Het Europese antwoord op het migratievraagstuk is bipolair. Enerzijds ontstaan er grote golven van solidariteit met zowel individuele acties als grootschalige interventies door internationale organisaties. Anderzijds neemt de penalisering van hulpverlening toe. Europa verrechtst in sneltempo en daar gaat een toename van vijandigheid tegenover migranten mee gepaard.

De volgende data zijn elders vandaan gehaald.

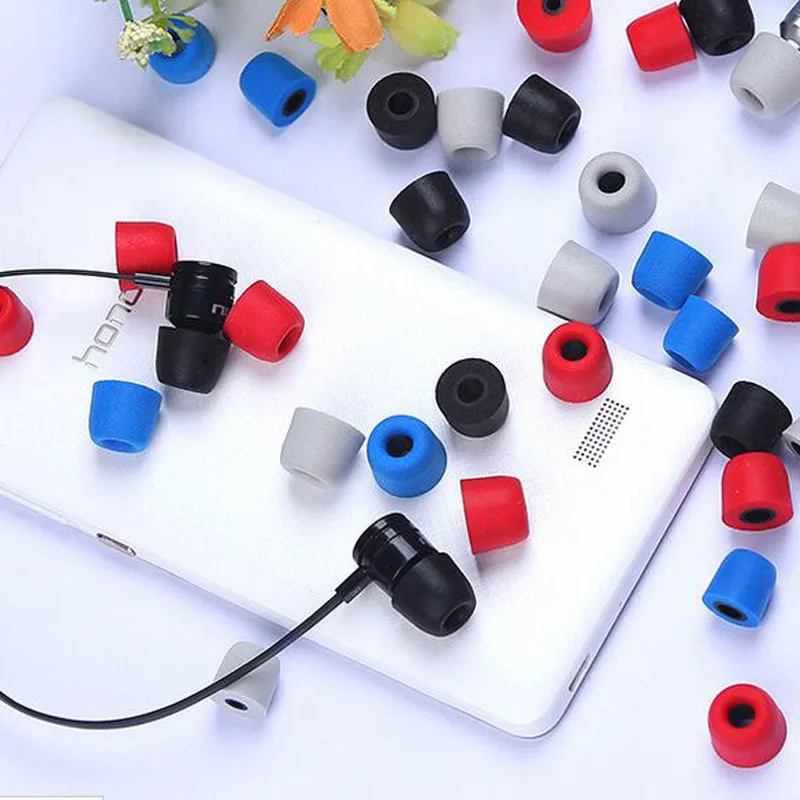 pairs Comply T200 M Earphone tips Memory Foam Sponge ear pads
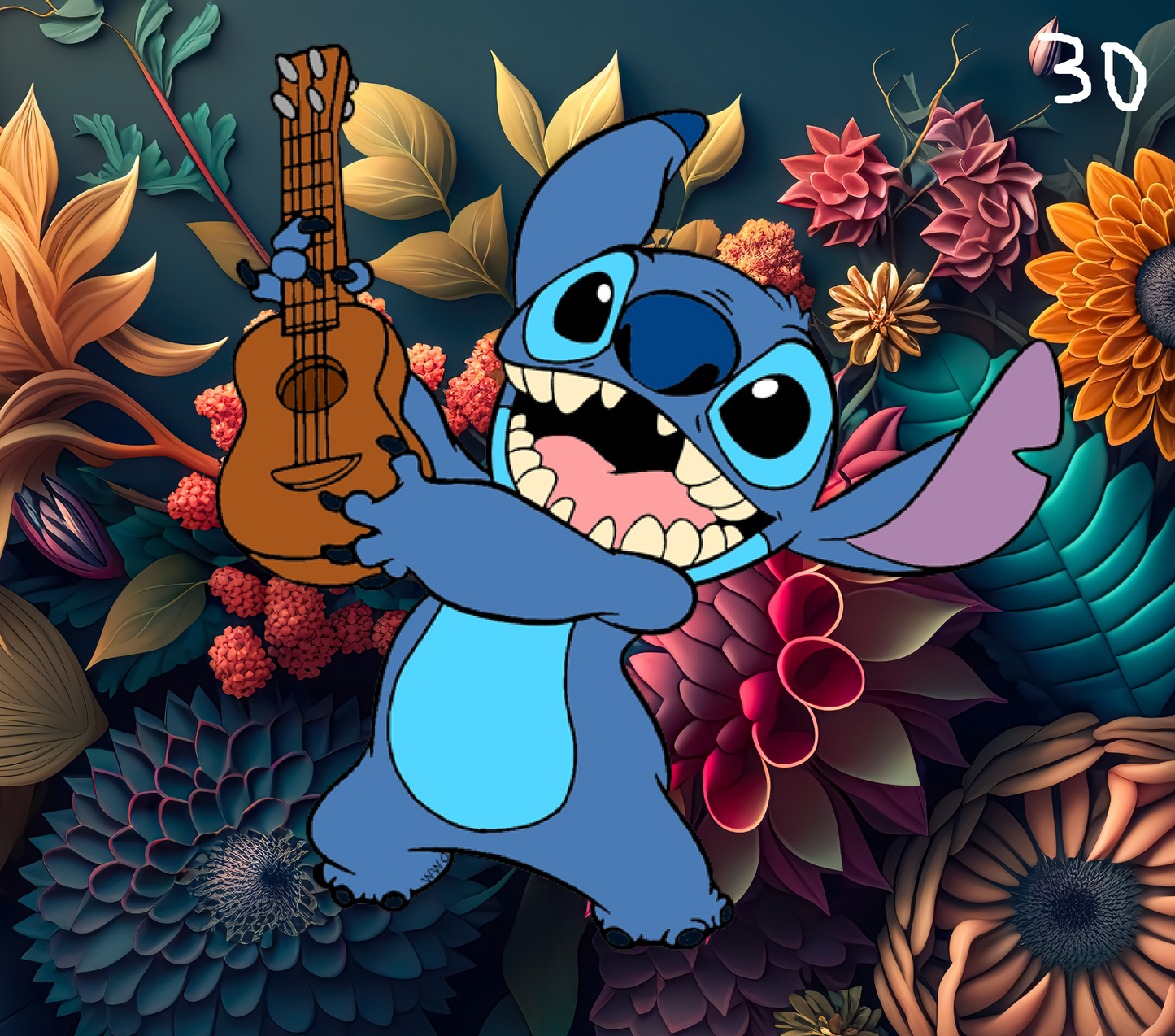 Stitch Sublimation Decals 1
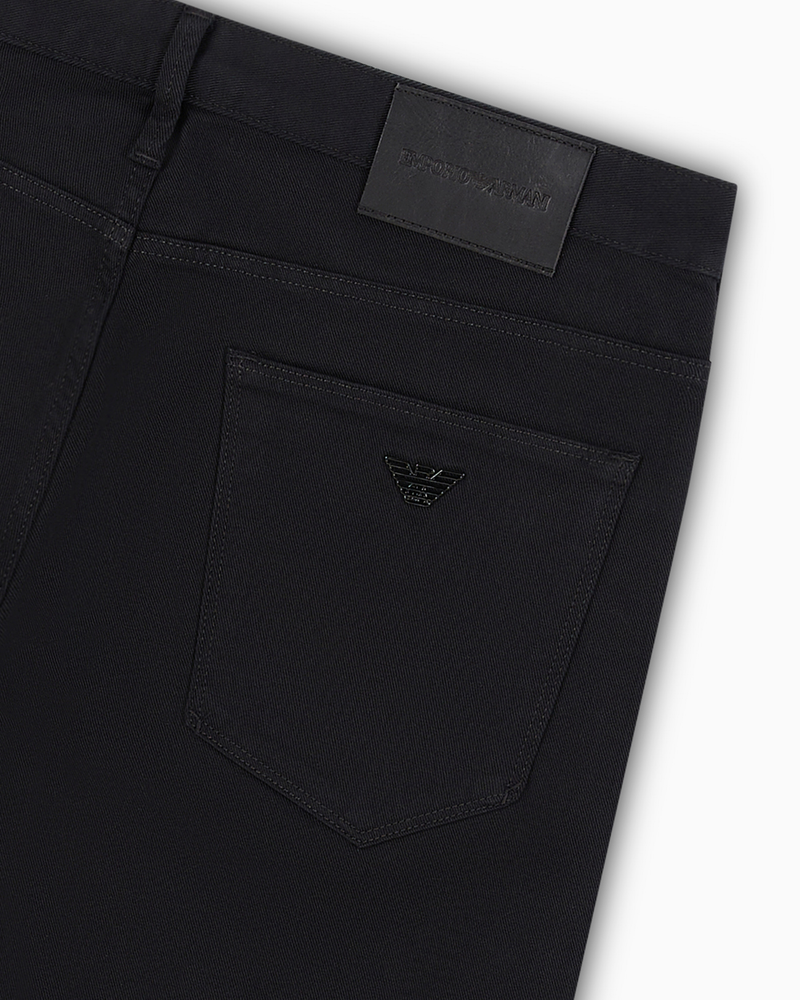 Armani Twill Jeans J06 AF15954 sort MC002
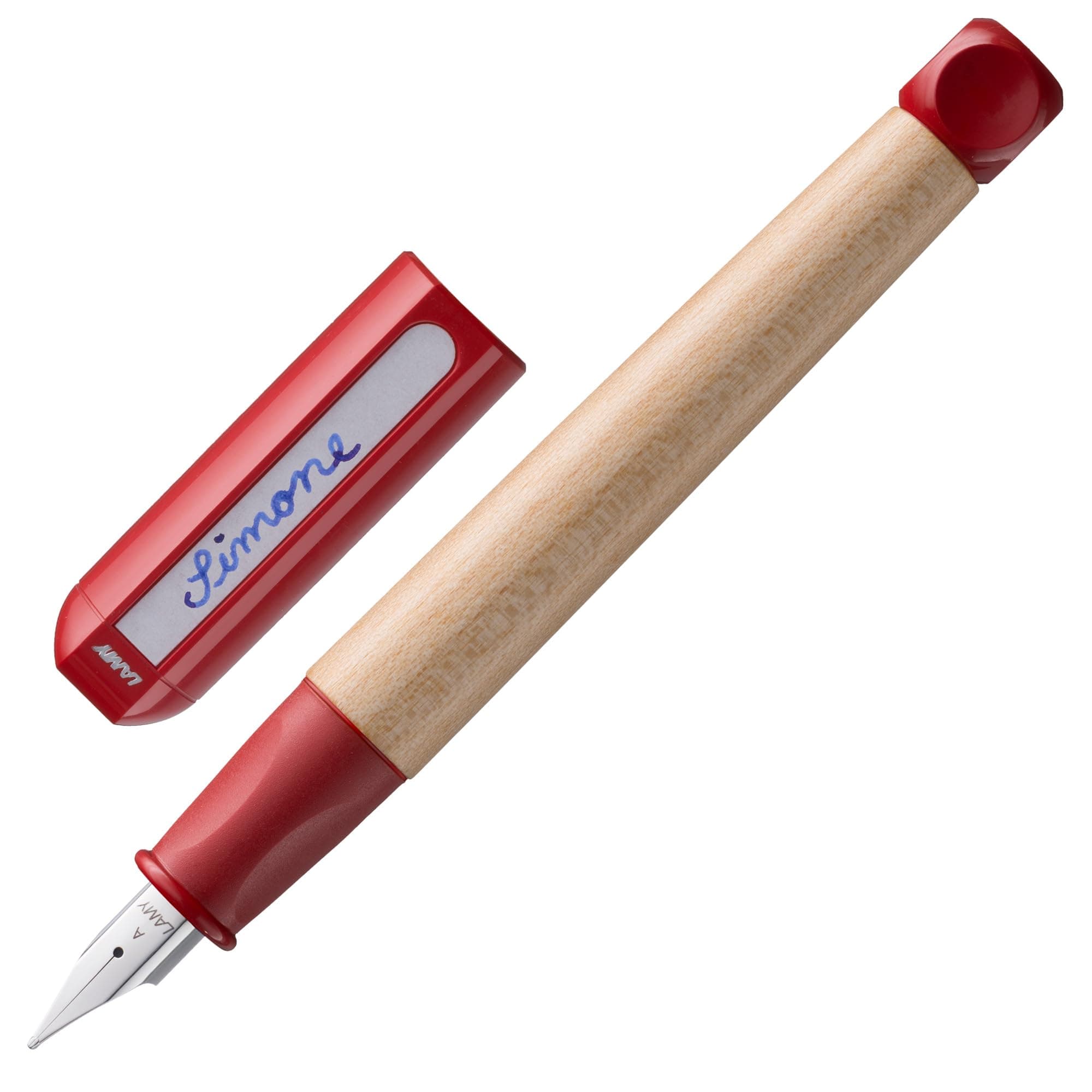 abc Fountain pen - Red
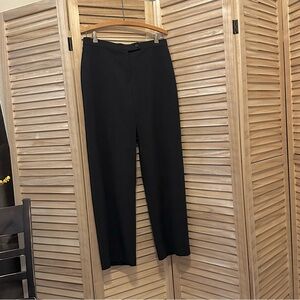 Briggs New York Classic Black Straight Leg Pants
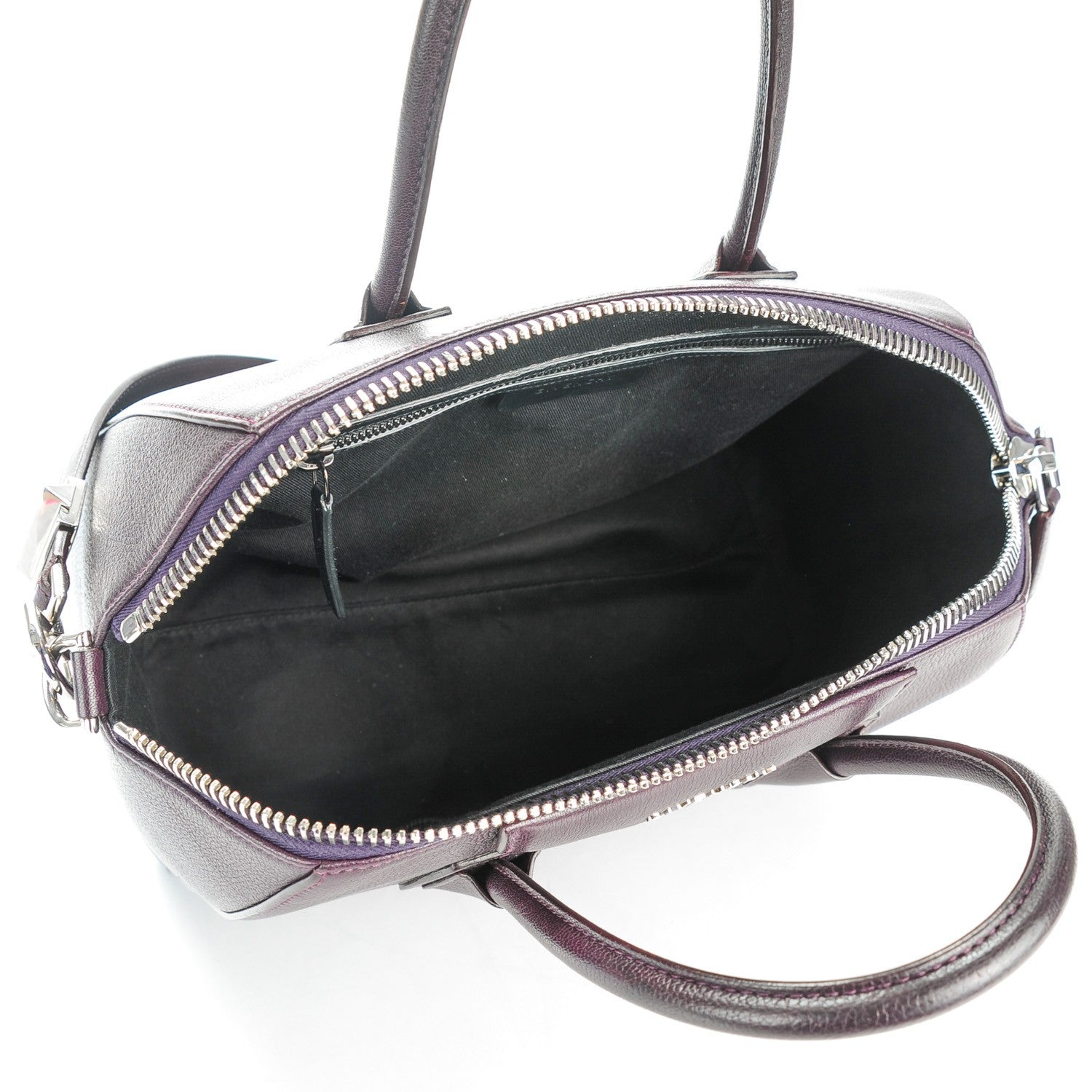 Givenchy Sugar Goatskin Medium Antigona Aubergine 5 of 7
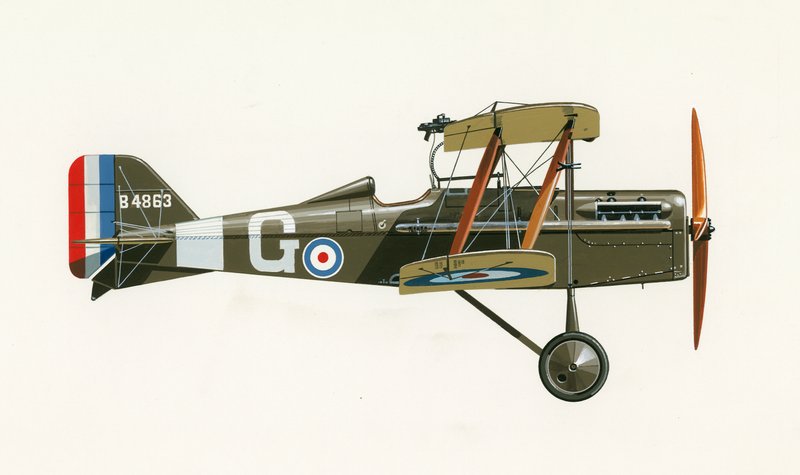 Albatros C III av English School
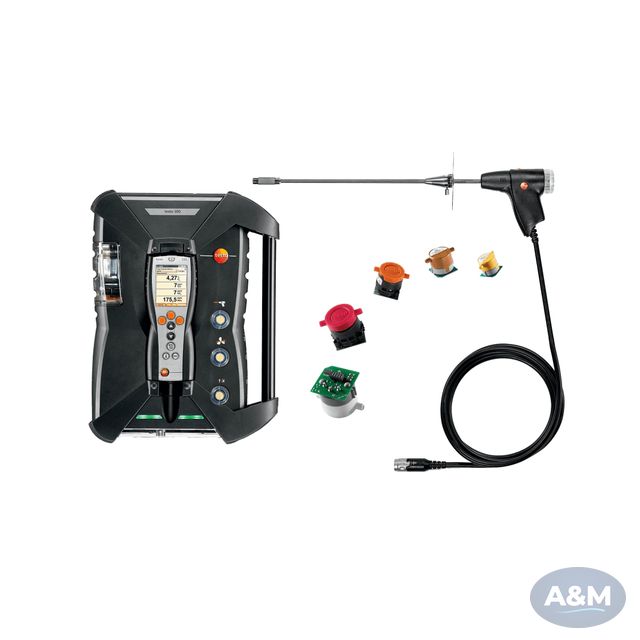 testo 350 – Order proposal for burner and boiler systems
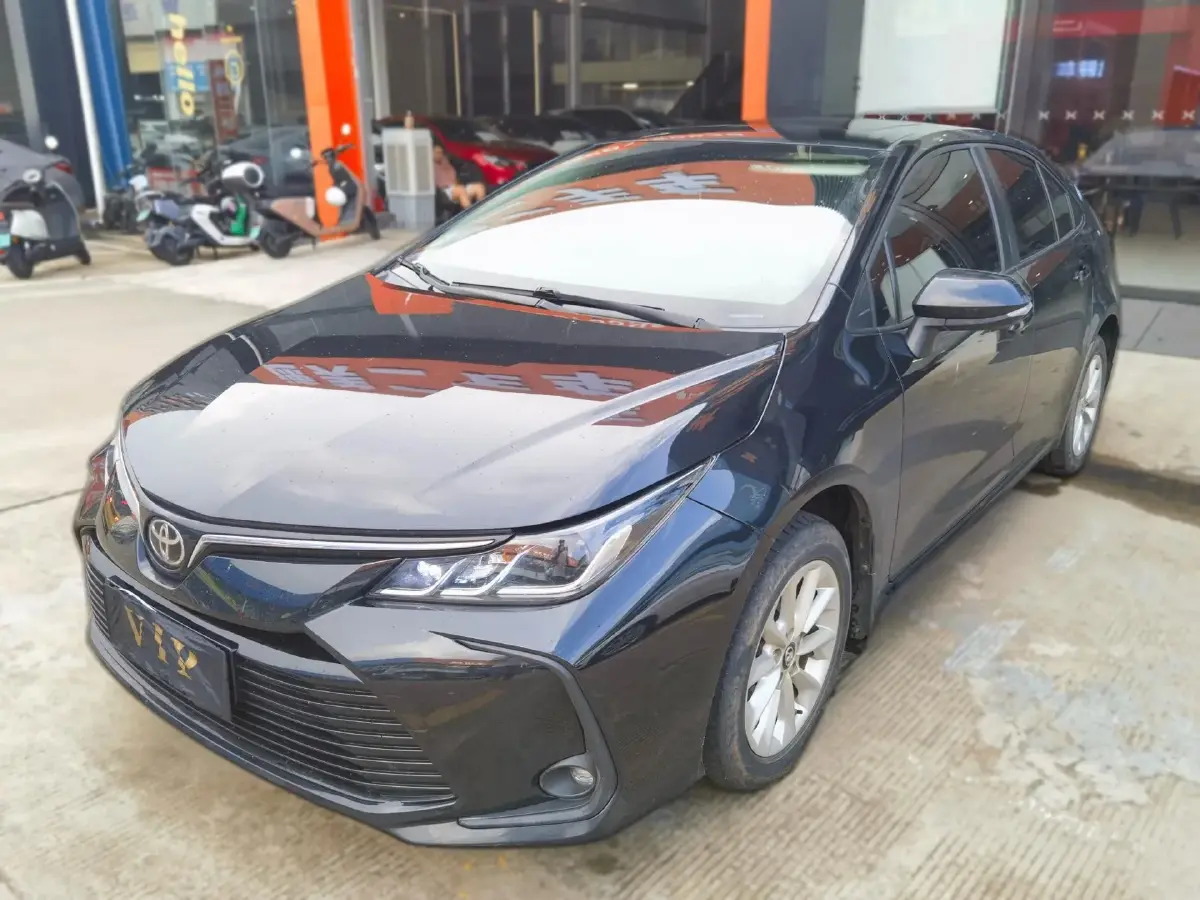 2023 Toyota Corolla 1.2T 116HP L4 CVT
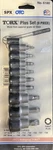 6180 Otc Torx Plus Set 9 Piece. Fixed Price $57.00.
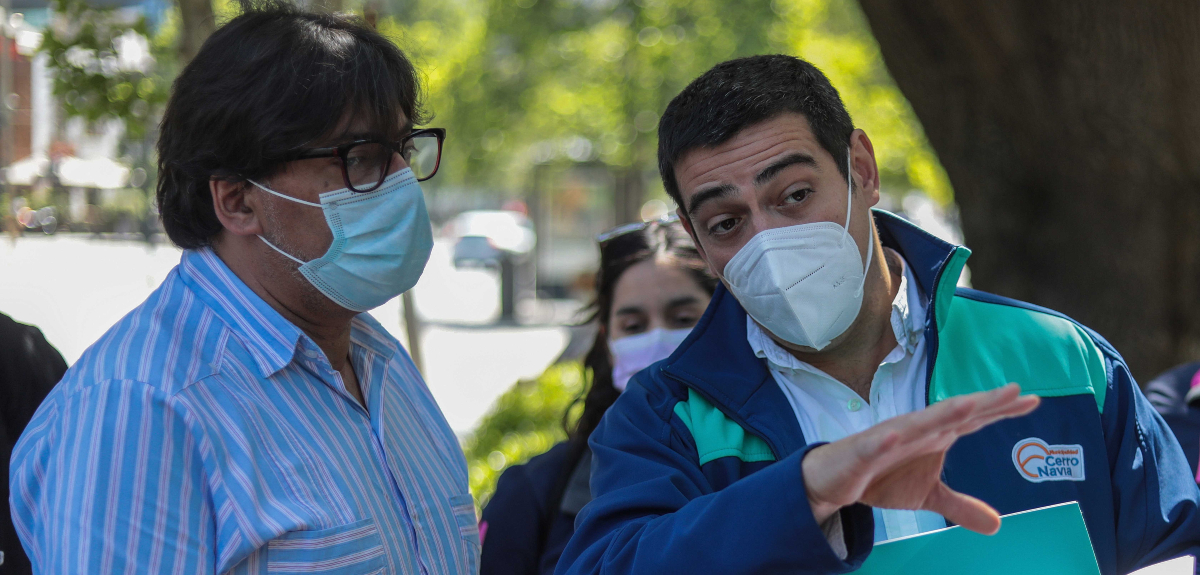 Alcaldes de Recoleta, Cerro Navia y Pudahuel presentaron iniciativa de Gas Popular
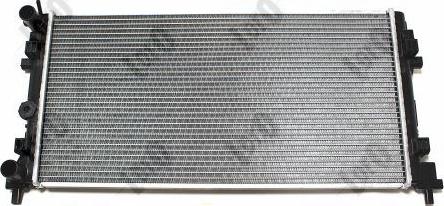 ABAKUS 003-017-0030-B - Radiator, engine cooling car-mod.net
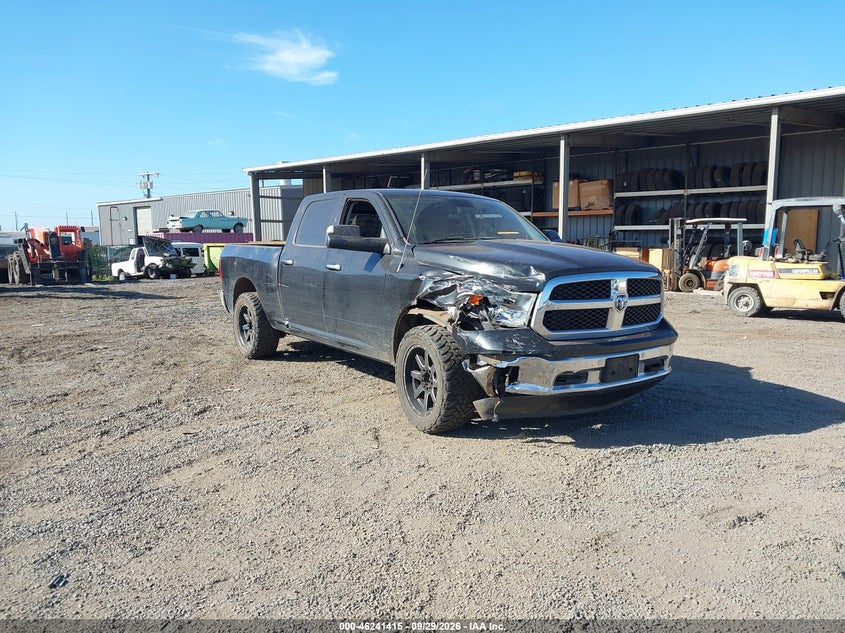 Vin: 1c6rr7tt3js238675, lot: 46741409, ram 1500 big horn  4x4 6'4 box 2018 img_1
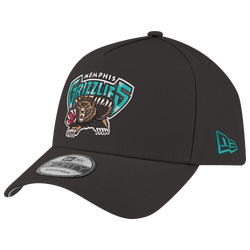 Adult - New Era Grizzlies 9FORTY A-Frame Cap - Black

Op politiek vlak wordt met argwaan gekeken naar globale initiatieven die een gecoördineerde aanpak stimuleren (zoals het ‘migratiepact’), maar de voorstellen van zij die zich verzetten – zoals de strengere bewaking van de grenzen – lijken onrealistisch. De open grenzen-hyperbool waarbij Europa (neen, België!) het OCMW van de wereld moet zijn, laat de migratiekwestie overdreven proporties aannemen in de collectieve verbeelding terwijl de concrete uitdagingen met een gecoördineerde samenwerking in feite beheersbaar zijn.
Het is alsof we het probleem niet willen oplossen op structureel niveau, maar de verantwoordelijkheid willen doorschuiven naar de burger. Styx laat net zien dat die het als individu onmogelijk kan oplossen.

De kijker aan het roer
Filmvakblad Variety vat Styx samen als ‘een tollend moreel kompas’ en dat is een accurate metafoor voor wat Europa vandaag meemaakt: de doden op de Middellandse Zee, de doden in de woestijn, de criminalisering van solidariteit en de ontsporingen die gepaard gaan met het uitbesteden van de verantwoordelijkheid om migranten tegen te houden.
Vanop een veilige afstand worden we niet geconfronteerd met de concrete beleidsbeslissingen. We laten ze over aan vertegenwoordigers die onder druk van het Europese electoraat de reddingsmissies en het ontraden van migratie toevertrouwen aan bufferlanden zoals Turkije en Libië. Styx slaagt erin om de kijker anderhalf uur lang opnieuw aan het roer te plaatsen. Op zich is dat al bewonderenswaardig.